Regardless of the visible simplicity of the issue, both the nature of emotions and cognitions and their relationships remain discussable and contestable amidst psychologists and physiologists. There is a lot of approaches and theories that tend to go into two extremes. One of these extremes insists on poor or even no relationship between cognitions and emotions. This extreme reflects a metaphysical attitude to effects understood as the antitheses of rationality.

Another approach named “biological” or “physiological” theory of emotions summarizes the findings of Ch. Darwin (psychoevolutionary theory), W. James and C. Lange (organic theory), and W. Cannon (psycho-organic theory) generally explained emotions as the functions of the mind and believed that emotions are unrelated to cognitions. Also, this statement is less supported by contemporary psychologists, until now the biological approach has several partisans.

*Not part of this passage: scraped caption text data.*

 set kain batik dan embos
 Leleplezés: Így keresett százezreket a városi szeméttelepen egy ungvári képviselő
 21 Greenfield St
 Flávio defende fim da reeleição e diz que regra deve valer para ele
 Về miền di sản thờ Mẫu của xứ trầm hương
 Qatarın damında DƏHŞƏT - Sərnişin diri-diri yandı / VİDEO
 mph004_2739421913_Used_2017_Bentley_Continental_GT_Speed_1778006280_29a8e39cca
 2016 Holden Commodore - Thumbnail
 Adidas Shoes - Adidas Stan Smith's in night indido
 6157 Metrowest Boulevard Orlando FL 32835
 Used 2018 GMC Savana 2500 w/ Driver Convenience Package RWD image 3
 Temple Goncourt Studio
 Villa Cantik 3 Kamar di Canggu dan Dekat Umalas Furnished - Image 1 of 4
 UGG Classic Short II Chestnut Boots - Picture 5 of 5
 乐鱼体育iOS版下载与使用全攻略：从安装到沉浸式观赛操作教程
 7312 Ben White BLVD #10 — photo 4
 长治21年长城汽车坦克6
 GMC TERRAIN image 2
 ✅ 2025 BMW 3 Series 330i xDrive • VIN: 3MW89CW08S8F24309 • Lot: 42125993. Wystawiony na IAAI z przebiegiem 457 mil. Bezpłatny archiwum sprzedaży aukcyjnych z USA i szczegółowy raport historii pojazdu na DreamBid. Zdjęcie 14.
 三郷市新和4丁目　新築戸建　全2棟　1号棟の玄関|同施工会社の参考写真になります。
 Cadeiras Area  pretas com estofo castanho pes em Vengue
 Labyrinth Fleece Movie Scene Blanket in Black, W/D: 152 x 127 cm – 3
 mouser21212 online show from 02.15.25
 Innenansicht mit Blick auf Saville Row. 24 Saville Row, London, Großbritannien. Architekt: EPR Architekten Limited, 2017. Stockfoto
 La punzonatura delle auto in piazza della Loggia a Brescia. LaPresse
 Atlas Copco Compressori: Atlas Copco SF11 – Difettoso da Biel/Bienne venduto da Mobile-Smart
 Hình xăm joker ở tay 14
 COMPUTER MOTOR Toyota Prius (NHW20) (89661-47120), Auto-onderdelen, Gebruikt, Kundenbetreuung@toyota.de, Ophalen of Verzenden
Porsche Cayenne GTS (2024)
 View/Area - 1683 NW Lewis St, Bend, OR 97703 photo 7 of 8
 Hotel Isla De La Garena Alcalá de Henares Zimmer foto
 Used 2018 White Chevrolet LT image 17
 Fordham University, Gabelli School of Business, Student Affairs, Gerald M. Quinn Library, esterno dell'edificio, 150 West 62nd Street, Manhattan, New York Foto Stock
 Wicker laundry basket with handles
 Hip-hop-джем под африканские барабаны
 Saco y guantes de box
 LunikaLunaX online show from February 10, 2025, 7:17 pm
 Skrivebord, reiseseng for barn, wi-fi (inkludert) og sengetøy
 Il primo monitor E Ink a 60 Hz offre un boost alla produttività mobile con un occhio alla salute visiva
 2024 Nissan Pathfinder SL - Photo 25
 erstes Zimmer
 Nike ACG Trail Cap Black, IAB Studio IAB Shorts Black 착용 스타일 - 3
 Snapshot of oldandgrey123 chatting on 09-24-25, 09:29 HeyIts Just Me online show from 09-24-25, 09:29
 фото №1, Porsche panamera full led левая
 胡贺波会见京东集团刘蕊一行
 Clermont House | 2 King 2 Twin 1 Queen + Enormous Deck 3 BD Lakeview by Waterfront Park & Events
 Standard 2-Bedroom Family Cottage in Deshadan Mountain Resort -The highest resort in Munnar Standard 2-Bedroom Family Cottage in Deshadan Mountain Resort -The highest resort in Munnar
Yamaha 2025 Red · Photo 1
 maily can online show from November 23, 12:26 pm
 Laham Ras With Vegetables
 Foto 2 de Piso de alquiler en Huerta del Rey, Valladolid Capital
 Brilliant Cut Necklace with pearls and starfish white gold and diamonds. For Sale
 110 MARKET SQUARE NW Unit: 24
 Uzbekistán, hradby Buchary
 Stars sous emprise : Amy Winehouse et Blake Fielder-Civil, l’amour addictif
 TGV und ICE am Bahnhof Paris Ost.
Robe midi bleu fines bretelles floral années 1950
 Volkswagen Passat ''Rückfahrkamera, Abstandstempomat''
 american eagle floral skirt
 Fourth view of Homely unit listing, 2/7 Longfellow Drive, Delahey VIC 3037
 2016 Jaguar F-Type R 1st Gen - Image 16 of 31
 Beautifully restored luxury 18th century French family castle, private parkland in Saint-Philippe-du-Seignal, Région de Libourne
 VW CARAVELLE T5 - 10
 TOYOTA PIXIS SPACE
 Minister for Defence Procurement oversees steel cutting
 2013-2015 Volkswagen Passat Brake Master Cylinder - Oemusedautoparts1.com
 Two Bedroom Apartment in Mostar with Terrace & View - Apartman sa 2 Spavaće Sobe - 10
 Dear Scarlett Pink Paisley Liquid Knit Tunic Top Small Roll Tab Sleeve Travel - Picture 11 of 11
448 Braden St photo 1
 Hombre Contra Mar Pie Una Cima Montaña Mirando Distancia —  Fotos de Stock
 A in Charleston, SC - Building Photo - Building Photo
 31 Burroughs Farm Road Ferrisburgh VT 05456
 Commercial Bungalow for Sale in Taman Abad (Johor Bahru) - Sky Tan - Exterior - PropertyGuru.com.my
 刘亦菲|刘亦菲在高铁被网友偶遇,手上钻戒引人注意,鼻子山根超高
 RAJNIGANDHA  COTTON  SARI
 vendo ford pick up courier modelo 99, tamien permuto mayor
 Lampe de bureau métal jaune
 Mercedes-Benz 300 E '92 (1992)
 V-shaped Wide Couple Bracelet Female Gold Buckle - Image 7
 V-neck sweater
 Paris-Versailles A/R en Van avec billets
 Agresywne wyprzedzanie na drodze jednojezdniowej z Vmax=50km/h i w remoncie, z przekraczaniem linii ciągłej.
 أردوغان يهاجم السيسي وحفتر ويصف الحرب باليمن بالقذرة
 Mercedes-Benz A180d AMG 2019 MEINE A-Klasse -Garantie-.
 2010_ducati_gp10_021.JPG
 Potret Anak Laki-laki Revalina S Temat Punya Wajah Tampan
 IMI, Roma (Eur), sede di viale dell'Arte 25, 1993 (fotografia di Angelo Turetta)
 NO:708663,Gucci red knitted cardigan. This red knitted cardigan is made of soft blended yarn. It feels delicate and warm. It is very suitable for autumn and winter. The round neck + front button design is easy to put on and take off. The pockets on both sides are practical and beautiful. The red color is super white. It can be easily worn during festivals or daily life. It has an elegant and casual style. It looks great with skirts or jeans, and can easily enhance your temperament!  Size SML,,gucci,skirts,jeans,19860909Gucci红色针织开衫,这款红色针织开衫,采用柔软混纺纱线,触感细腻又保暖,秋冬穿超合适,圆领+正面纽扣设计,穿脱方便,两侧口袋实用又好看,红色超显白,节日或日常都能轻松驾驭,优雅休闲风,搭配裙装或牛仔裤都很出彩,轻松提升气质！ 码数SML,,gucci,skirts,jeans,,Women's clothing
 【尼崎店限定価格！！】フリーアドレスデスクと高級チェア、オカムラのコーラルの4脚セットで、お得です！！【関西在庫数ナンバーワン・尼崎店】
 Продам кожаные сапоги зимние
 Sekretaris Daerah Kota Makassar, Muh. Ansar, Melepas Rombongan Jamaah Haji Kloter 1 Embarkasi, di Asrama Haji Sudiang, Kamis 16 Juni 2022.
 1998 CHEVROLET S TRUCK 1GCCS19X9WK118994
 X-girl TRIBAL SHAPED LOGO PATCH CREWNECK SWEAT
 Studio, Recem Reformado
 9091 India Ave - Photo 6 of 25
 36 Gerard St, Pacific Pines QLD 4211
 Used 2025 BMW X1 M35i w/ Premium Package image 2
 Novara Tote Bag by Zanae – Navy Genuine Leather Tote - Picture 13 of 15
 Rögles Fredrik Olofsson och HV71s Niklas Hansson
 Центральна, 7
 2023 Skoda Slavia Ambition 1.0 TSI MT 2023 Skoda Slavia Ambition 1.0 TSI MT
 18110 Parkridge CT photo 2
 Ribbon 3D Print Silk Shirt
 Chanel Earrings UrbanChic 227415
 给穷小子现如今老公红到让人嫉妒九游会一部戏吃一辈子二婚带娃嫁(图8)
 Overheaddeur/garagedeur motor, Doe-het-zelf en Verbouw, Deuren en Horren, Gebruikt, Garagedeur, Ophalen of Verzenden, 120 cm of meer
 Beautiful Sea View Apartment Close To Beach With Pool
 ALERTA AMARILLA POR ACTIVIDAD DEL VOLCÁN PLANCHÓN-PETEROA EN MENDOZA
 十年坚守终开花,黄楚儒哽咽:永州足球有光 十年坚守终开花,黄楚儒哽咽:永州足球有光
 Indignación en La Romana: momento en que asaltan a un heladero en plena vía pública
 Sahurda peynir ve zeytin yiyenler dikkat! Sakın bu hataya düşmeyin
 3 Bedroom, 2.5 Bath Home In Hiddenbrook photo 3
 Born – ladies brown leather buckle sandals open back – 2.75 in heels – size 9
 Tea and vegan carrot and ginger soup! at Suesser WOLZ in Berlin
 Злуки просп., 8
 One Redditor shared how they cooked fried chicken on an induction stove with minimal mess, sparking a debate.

Modern reinterpretations of this approach still assume that cognitions and emotions are completely different in nature. While cognitions are extremely structured and “personalized”, emotions are less individual and, in fact, “depersonalized”, as most people share the same emotions reacting to the same events (Danes, 1991).
The common critique to this point of view usually implies the following statement: if people’s emotions are unrelated to their thinking, then our emotional reactions should always be the same and stable regardless of the stimuli. However, our emotional reactions, in fact, lie on a certain continuum, where such emotion as “attraction” may range from a “slight interest” to “passion” depending on our rational evaluation of an object. This statement implies psychological relatedness between emotional and rational (cognitive) processes which participate in the rational procession of data.

Another extreme, widely known as the “cognitive approach”, implies that emotions and cognition can not be analyzed and understood separately as they both constitute the joint process of reacting. According to cognitivism, emotions accompany the process of rational thinking and may either be the derivatives of cognitions or precede them (Dalkvist, 1989; Izard, 1977, 1984).